Contact Dennis DeVault, If he doesnt do it im sure he can point you in the right direction. 

http://devaultind.com/


----------



## Panfish_Hunter (Jan 12, 2016)

Pics what kind of gun where at exactly more info would help. May be something you can do easily


----------



## Dovans (Nov 15, 2011)

why would someone engrave their phone number?


----------



## ddcollier (Feb 13, 2011)

Dovans said:


> why would someone engrave their phone number?


theyused to tell us to engrave soc no. on things to identify, not a good idea so that prob. why the no.easier to deal with phone call than to lose bank account. i think i would call the no to see if it is stolen before trying to remove


----------



## Dovans (Nov 15, 2011)

ddcollier said:


> theyused to tell us to engrave soc no. on things to identify, not a good idea so that prob. why the no.easier to deal with phone call than to lose bank account. i think i would call the no to see if it is stolen before trying to remove


I remember now in college they told us to engrave are SS on anything that was valuable.


----------



## buckeyebowman (Feb 24, 2012)

Dovans said:


> I remember now in college they told us to engrave are SS on anything that was valuable.

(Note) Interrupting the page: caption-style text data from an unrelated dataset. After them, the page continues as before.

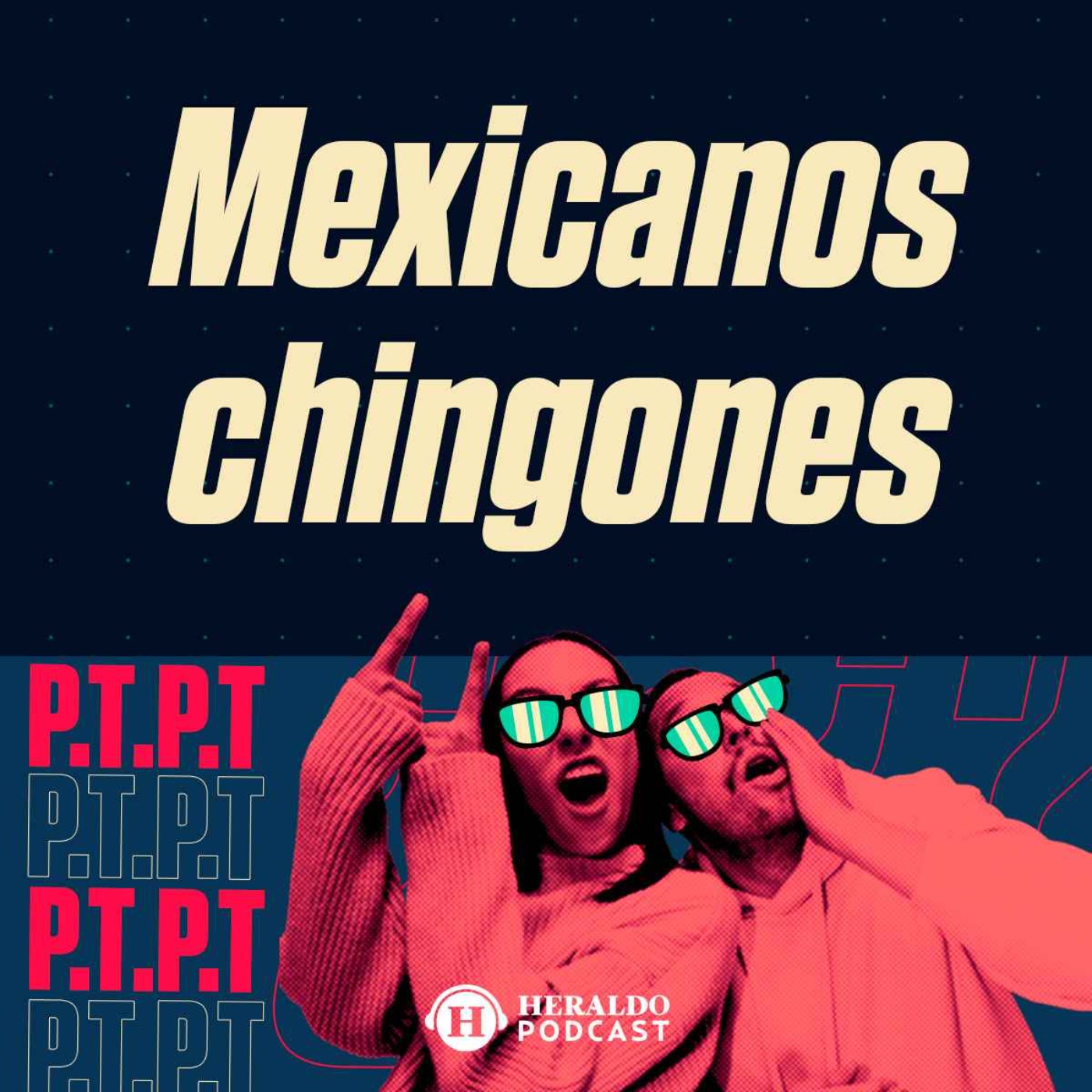 ¿Qué nos hace únicos como mexicanos? Spoiler: No es el tequila episode artwork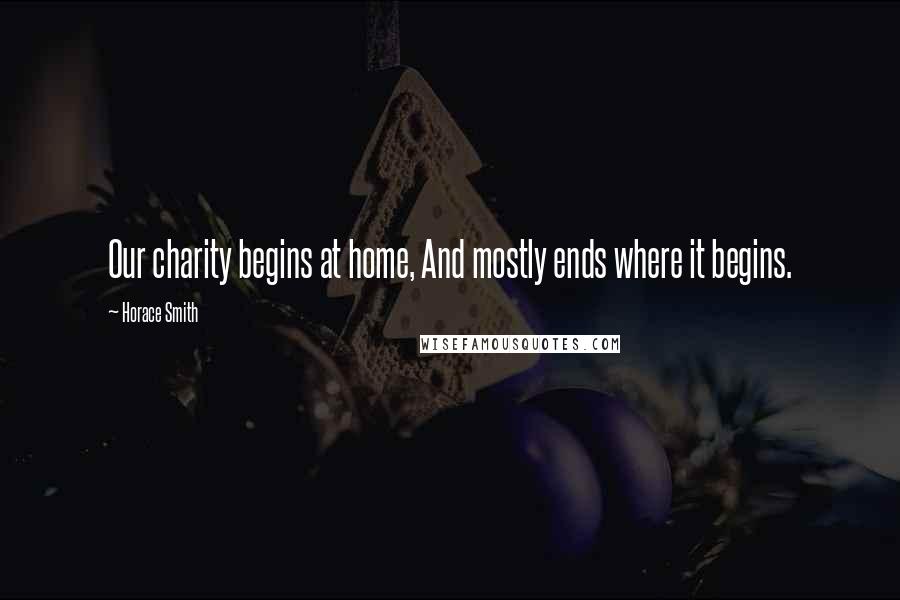 Horace Smith Quotes: Our charity begins at home, And mostly ends where it begins.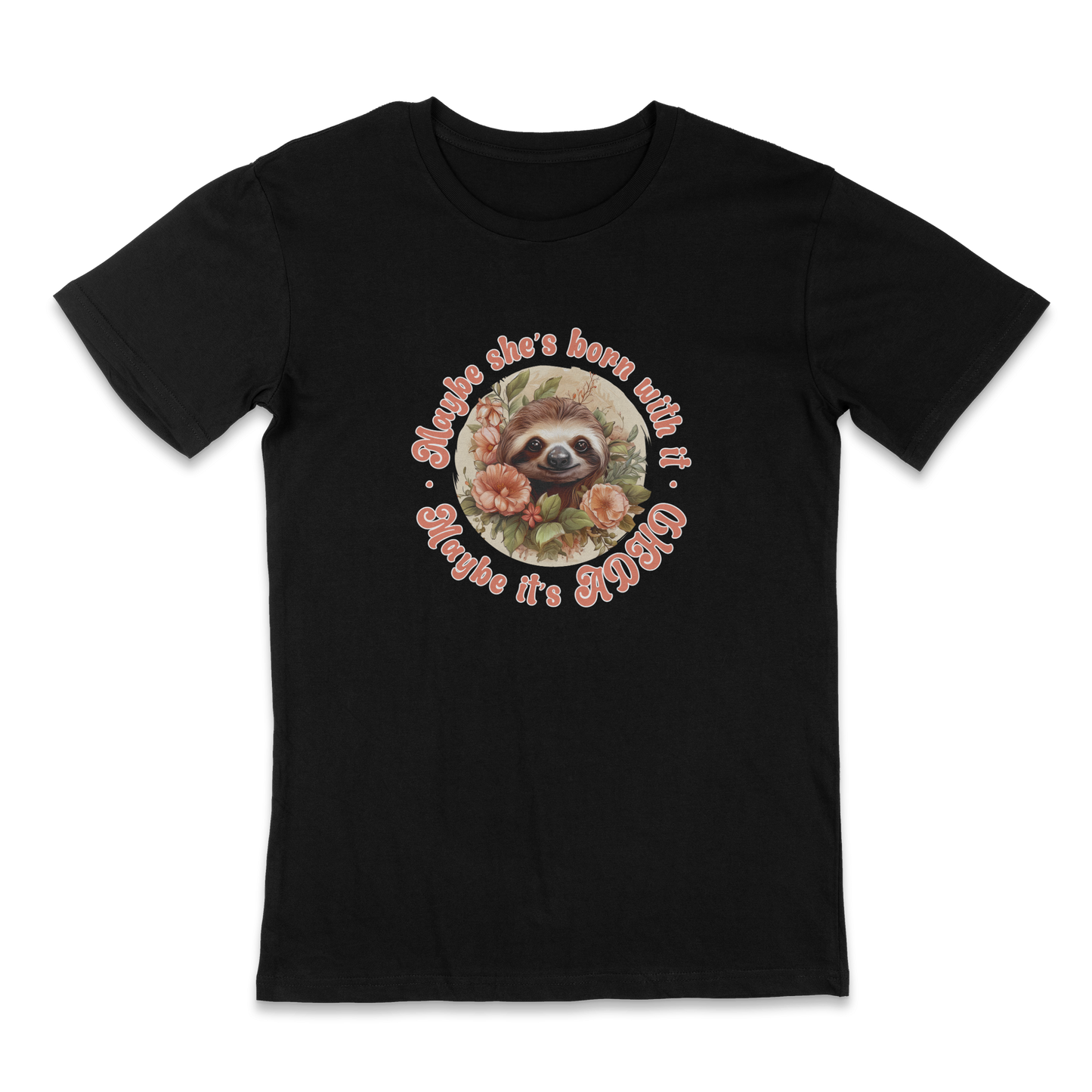 Maybe she's born with it, maybe it's ADHD - funny t-shirt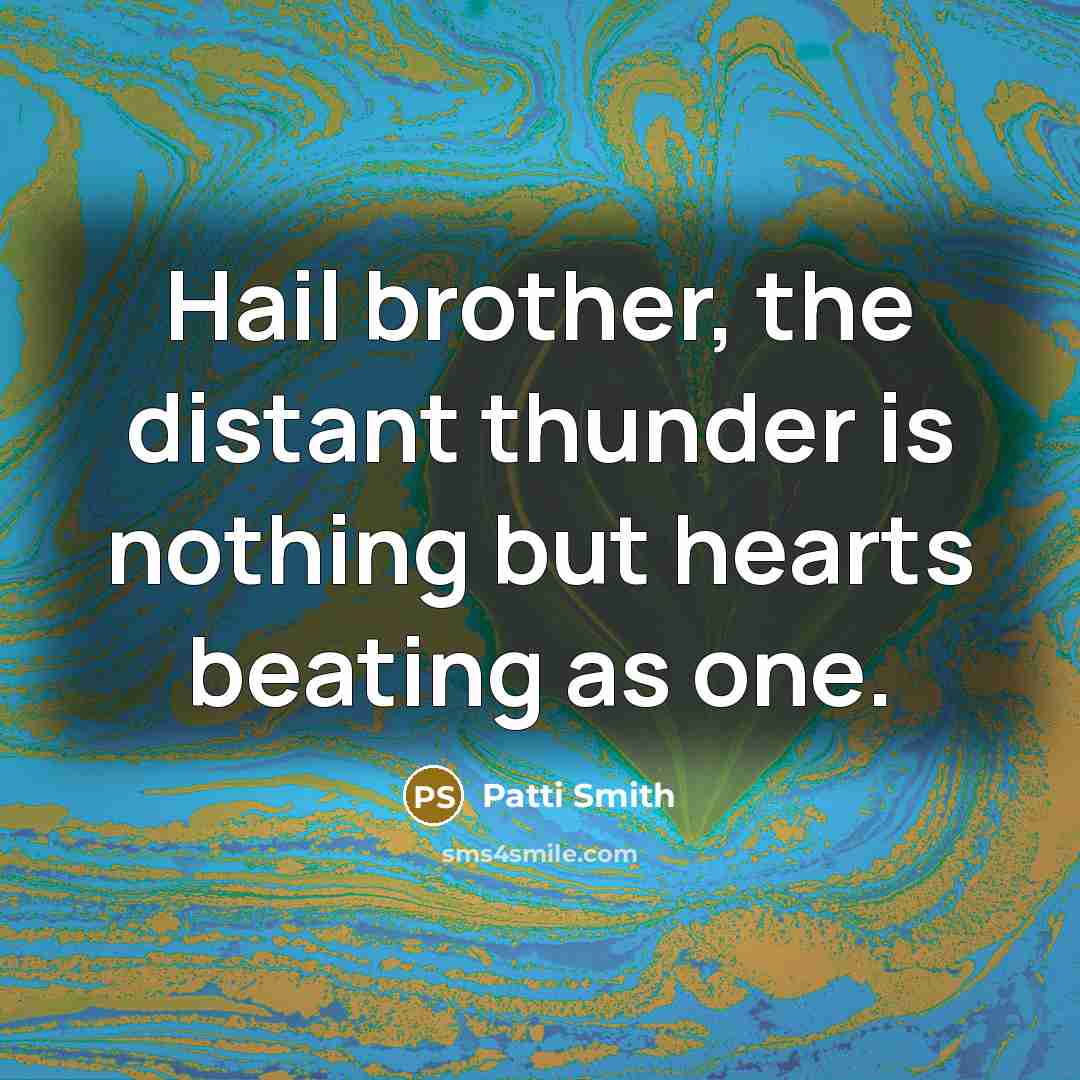 “Hail brother, the distant thunder is nothing but hearts beating as one.” quote by Patti Smith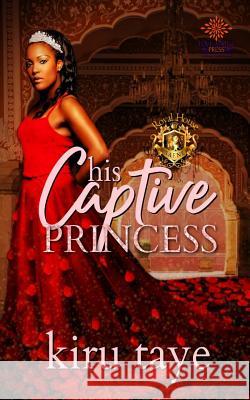 His Captive Princess Kiru Taye   9781916475595 Love Africa Press - książka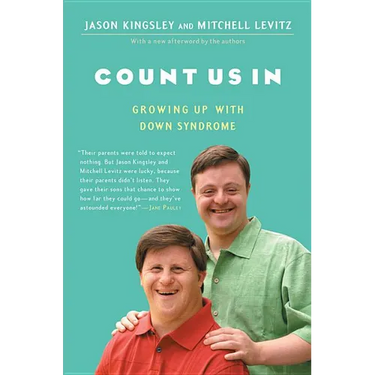 Count Us in: Growing Up with Down Syndrome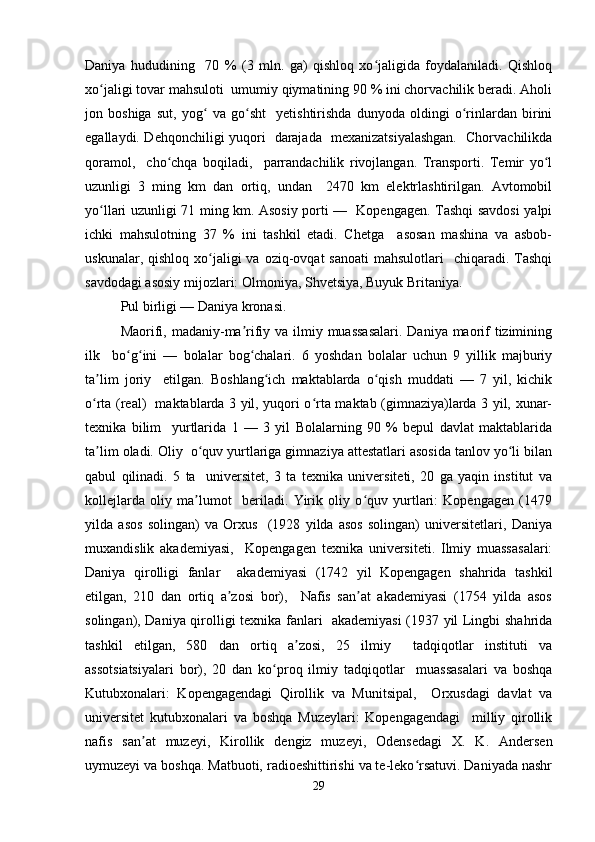 Daniya   hududining     70   %   (3   mln.   ga)   qishloq   xo jaligida   foydalaniladi.   Qishloqʻ
xo jaligi tovar mahsuloti  umumiy qiymatining 90 % ini chorvachilik beradi. Aholi	
ʻ
jon   boshiga   sut,   yog   va   go sht     yetishtirishda   dunyoda   oldingi   o rinlardan   birini	
ʻ ʻ ʻ
egallaydi. Dehqonchiligi yuqori   darajada   mexanizatsiyalashgan.   Chorvachilikda
qoramol,     cho chqa   boqiladi,     parrandachilik   rivojlangan.   Transporti.   Temir   yo l	
ʻ ʻ
uzunligi   3   ming   km   dan   ortiq,   undan     2470   km   elektrlashtirilgan.   Avtomobil
yo llari uzunligi 71 ming km. Asosiy porti —   Kopengagen. Tashqi savdosi yalpi	
ʻ
ichki   mahsulotning   37   %   ini   tashkil   etadi.   Chetga     asosan   mashina   va   asbob-
uskunalar,  qishloq xo jaligi  va  oziq-ovqat  sanoati  mahsulotlari    chiqaradi.  Tashqi	
ʻ
savdodagi asosiy mijozlari: Olmoniya, Shvetsiya, Buyuk Britaniya.  
Pul birligi — Daniya kronasi.  
Maorifi, madaniy-ma rifiy va ilmiy muassasalari.  Daniya maorif tizimining	
ʼ
ilk     bo g ini   —   bolalar   bog chalari.   6   yoshdan   bolalar   uchun   9   yillik   majburiy	
ʻ ʻ ʻ
ta lim   joriy     etilgan.   Boshlang ich   maktablarda   o qish   muddati   —   7   yil,   kichik	
ʼ ʻ ʻ
o rta (real)   maktablarda 3 yil, yuqori o rta maktab (gimnaziya)larda 3 yil, xunar-
ʻ ʻ
texnika   bilim     yurtlarida   1   —   3   yil   Bolalarning   90   %   bepul   davlat   maktablarida
ta lim oladi. Oliy  o quv yurtlariga gimnaziya attestatlari asosida tanlov yo li bilan
ʼ ʻ ʻ
qabul   qilinadi.   5   ta     universitet,   3   ta   texnika   universiteti,   20   ga   yaqin   institut   va
kollejlarda   oliy   ma lumot     beriladi.   Yirik   oliy   o quv   yurtlari:   Kopengagen   (1479	
ʼ ʻ
yilda   asos   solingan)   va   Orxus     (1928   yilda   asos   solingan)   universitetlari,   Daniya
muxandislik   akademiyasi,     Kopengagen   texnika   universiteti.   Ilmiy   muassasalari:
Daniya   qirolligi   fanlar     akademiyasi   (1742   yil   Kopengagen   shahrida   tashkil
etilgan,   210   dan   ortiq   a zosi   bor),     Nafis   san at   akademiyasi   (1754   yilda   asos	
ʼ ʼ
solingan), Daniya qirolligi texnika fanlari   akademiyasi (1937 yil Lingbi shahrida
tashkil   etilgan,   580   dan   ortiq   a zosi,   25   ilmiy     tadqiqotlar   instituti   va	
ʼ
assotsiatsiyalari   bor),   20   dan   ko proq   ilmiy   tadqiqotlar     muassasalari   va   boshqa	
ʻ
Kutubxonalari:   Kopengagendagi   Qirollik   va   Munitsipal,     Orxusdagi   davlat   va
universitet   kutubxonalari   va   boshqa   Muzeylari:   Kopengagendagi     milliy   qirollik
nafis   san at   muzeyi,   Kirollik   dengiz   muzeyi,   Odensedagi   X.   K.   Andersen	
ʼ
uymuzeyi va boshqa. Matbuoti, radioeshittirishi va te-leko rsatuvi. Daniyada nashr	
ʻ
29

And that's just how stupid "they" were! Of course, identity theft wasn't that big a problem back then. When we were cleaning out my Mom's house after her death, we came cross my Dad's old level. On the side of it were painted the words, "Stolen From Russell Lewis". That's how folks marked their belongings back in the day. 

The phone number can be filed down, filled w/metal, etc. But, my question is just how much of a bother is it? If you are looking to ascertain ownership I would suggest keeping a list of your guns, citing make, model, serial #, and any other identifying marks. The old owners phone # would be just one more identifying mark.


----------



## BigDub007 (Apr 1, 2010)

B% its v


----------



## Drm50 (Dec 26, 2014)

On guns that I know I am going to keep, I engrave my SS number on the inside of the frame. You have to take
gun apart to see it, doesn't detract from value, but can prove ownership.


----------



## BigDub007 (Apr 1, 2010)

BigDub007 said:


> B% its v


Sorry guys butt dial


----------